**What the task asks:** Set the data below down again, exactly, with every picture left out.

**Data segment:**
╭──

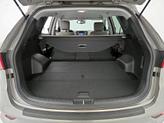 Thumbnail of 2017 Gray Hyundai Santa Fe Sport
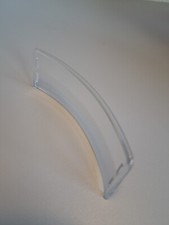 Playmobil zaun gehege gebraucht kaufen  Wolfratshausen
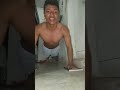 #reto #dias #flexiones #novia #clowner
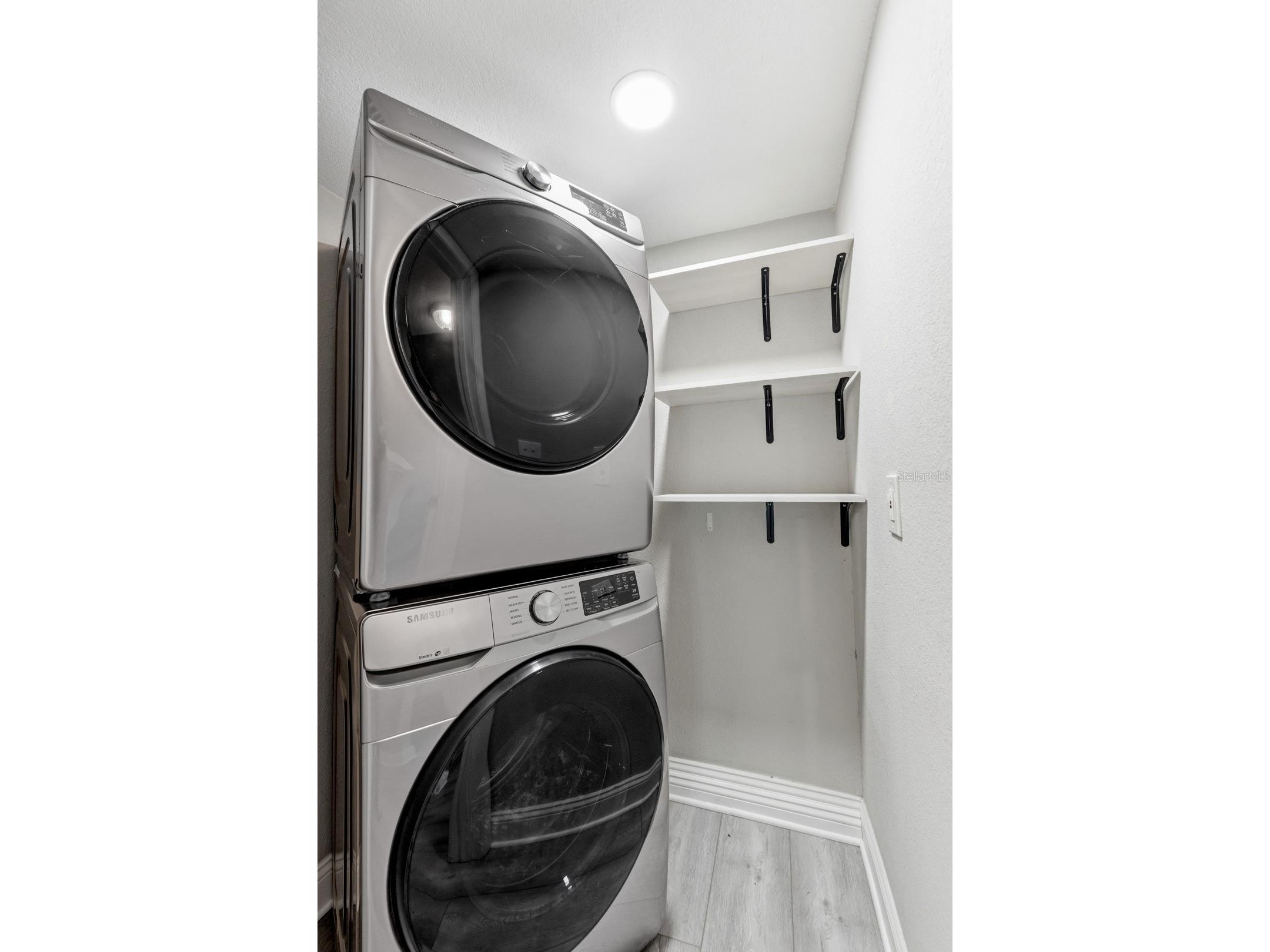210 S Malcolm Court Tampa FL 33609 TB8519631 image31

╰──

**Task answer:**
 Thumbnail of 2017 Gray Hyundai Santa Fe Sport
 Playmobil zaun gehege gebraucht kaufen  Wolfratshausen
 #reto #dias #flexiones #novia #clowner
210 S Malcolm Court Tampa FL 33609 TB8519631 image31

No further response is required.